В квартире над нами умирает молодая женщина от туберкулеза легких. Поскольку она совсем одинока, я вечерами поднимаюсь к ней и пытаюсь облегчить ее страдания. Ее медленное умирание глубоко меня потрясает, хотя к общению со смертью я постепенно уже привыкаю. Возможно, я так тяжело переживаю не самую ее смерть, сколько отчаянные усилия, с которыми она цепляется за угасающую жизнь. В ночь перед ее смертью я остаюсь у нее, она рассказывает о своей жизни, о людях, для которых она некогда что-то значила и которые сейчас, когда она в страшной беде, ее покинули.

— Жизнь — это огромное разочарование, — говорит она, — слишком много доверяешь, слишком много раздариваешь, слишком многое прощаешь… Это бесчестно.

И все-таки она хочет жить. С ни с чем не сравнимым упорством она сражается с приближающейся смертью.

— Что произойдет со мной потом? Помогите же мне! — громко плача, причитает она в редкие минуты просветления.

Я не знала, как ответить ей, чтобы она меня поняла. Когда я видела ее страдания, как притягивает ее к себе страшная, угрожающая пустота, слова застревали в горле и я не могла сказать ничего, что могло бы действительно ее утешить. Я говорила нечто вроде того, что в природе все очень просто. Можно считать, что до своего рождения человек не существовал, и, очевидно, никто это не воспринимал как что-то ужасное и непостижимое… Точно так же не существует человек и после своей смерти. Растение дает первые ростки, развивается, затем увядает. Жизнь зарождается, движется по кругу и прекращается. Вырастают поколения, приходят и исчезают культуры. Что остается? История. Базой, источником любого вида энергии является материальный процесс. И мысль гаснет, если клетки головного мозга человека лишены необходимого питания. Когда угасает жизнь, круговорот завершен.

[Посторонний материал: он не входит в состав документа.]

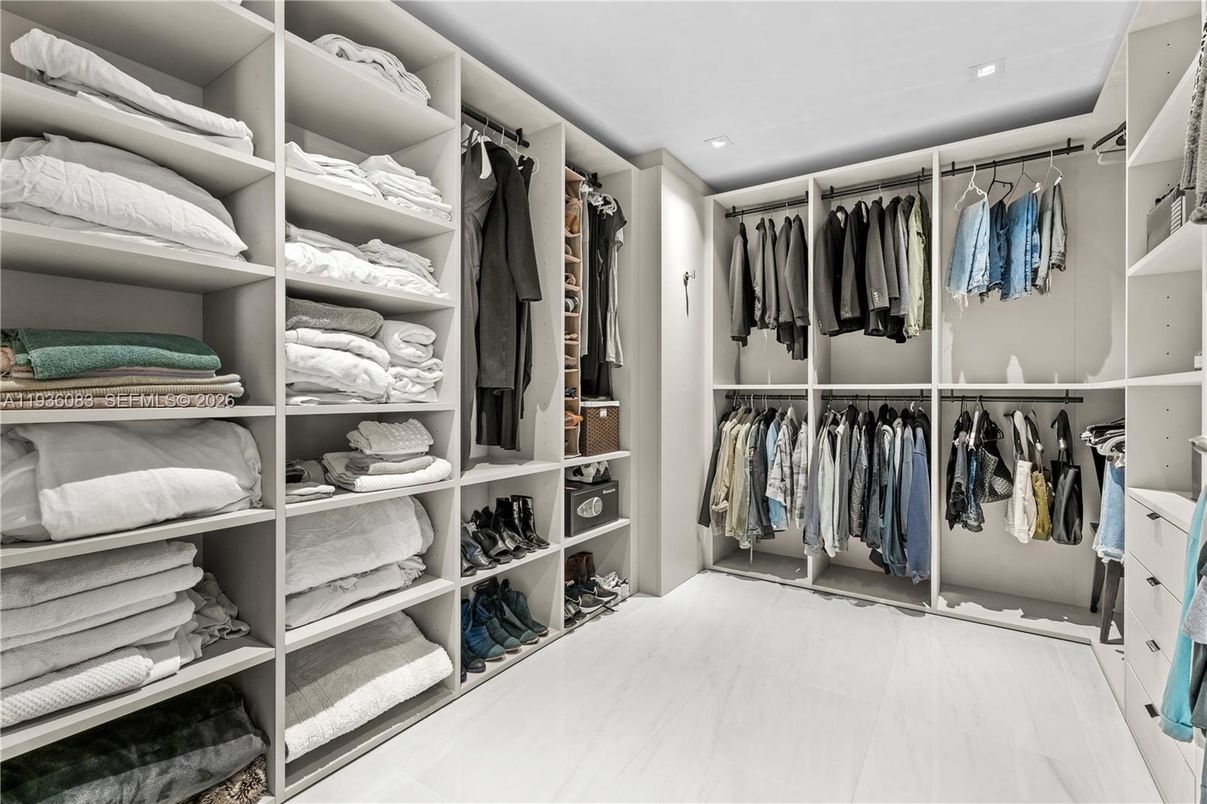 Interior, Recessed Lighting, Walk-in Closets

Примерно так объясняла я это фрау Шонауэр, и когда потом физические муки оттеснили на задний план все остальное и на нее опустился покров страшного одиночества, неизбежного спутника смерти, на лице ее лежала печать грустного отрешения, и все вопросы потеряли для нее какое-либо значение.

Эта смерть показывает мне с ужасающей ясностью, что такое в действительности жизнь, даже самая жалкая. Но теперь это понимание нами утрачено. Нацизм обесценил и жизнь, и смерть. Да, и смерть. В газовых камерах Освенцима она стала индустрией массового истребления. На фронте умирает немецкая молодежь. И жизнь этих юношей, казалось, совсем недавно полная надежд, ничего не стоит. И для тех, кто пишет: с прискорбием и одновременно с гордостью извещаем… — тоже. Они не видели, как те умирали. У них нет уважения ни к их жизни, ни к их смерти. Никто в этом рейхе не питает уважения к смерти. Как же может кто-нибудь испытывать чувство уважения к жизни?